SERAP urges Buhari to withdraw conditions on Twitter
Socio-economic Rights and Accountability Project (SERAP) has urged President Muhammadu Buhari to withdraw the impermissible conditions imposed on Twitter.
That is, pending the final determination of the suit at the Economic Community of West African States (ECOWAS) Court of Justice in Abuja challenging the legality of the suspension of Twitter, to allow the court to render a decision on the central issues in the case, and protect the plaintiffs’ rights and interests.
Buhari, in his address to mark Nigeria’s 61 independence anniversary, stated that the Federal Government would only lift the suspension of Twitter in Nigeria if certain conditions, including concerns around national security, were met.
According to the organisation, the address also seems to suggest that even when the suspension is lifted, Nigerians will only be allowed to use Twitter for business and positive engagements.
In an open letter dated October 2, 2021, and signed by SERAP’s Deputy Director Kolawole Oluwadare, the organisation said the conditions imposed on Twitter, while the ECOWAS case is pending, constitute an interference with the right of SERAP and other plaintiffs to fairly and effectively pursue a judicial challenge to the decision by the government to suspend Twitter in Nigeria.
The organisation said the conditions mock the case before the ECOWAS court and create a risk that the course of justice will be seriously impeded or prejudiced.
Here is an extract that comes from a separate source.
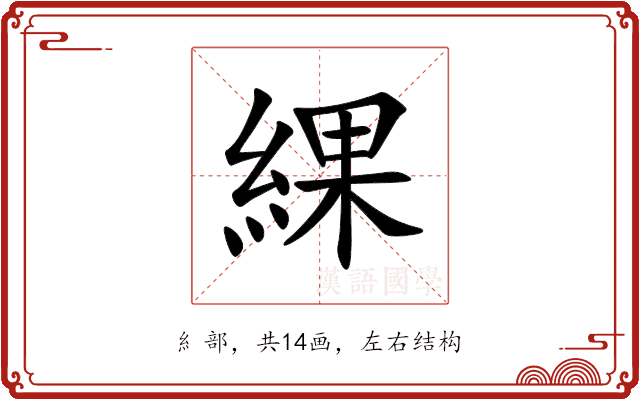 綶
It said protecting the right to a judicial recourse and due administration of justice is of utmost importance, being the cornerstone of an ordered society.
It said imposing impermissible conditions on Twitter would undermine the rights and interests of the plaintiffs in the ECOWAS court case filed against the government, as the conditions directly touch on the central issues of freedom of expression and access to information, which the court is set to determine and rule upon.
SERAP said: “Pushing conditions on Twitter while the ECOWAS case is pending would prejudice the interests of the plaintiffs, undermine the ability of ECOWAS court to do justice in the case, damage public confidence in the court, and prejudice the outcome of the case.
“It is in the public interest to keep the streams of justice clear and pure and to maintain the authority of the ECOWAS court in the case. If not immediately withdrawn, the conditions would seriously undermine Nigeria’s international human rights obligations including under ECOWAS treaties and protocols, and have serious consequences for the public interest.
“Given that the only way in which SERAP and other plaintiffs can have a fair and effective access to justice is to allow the court to decide on the merits of the case before it, fairness and justice must, on the facts of the ECOWAS case, outweigh any stated national security conditions.”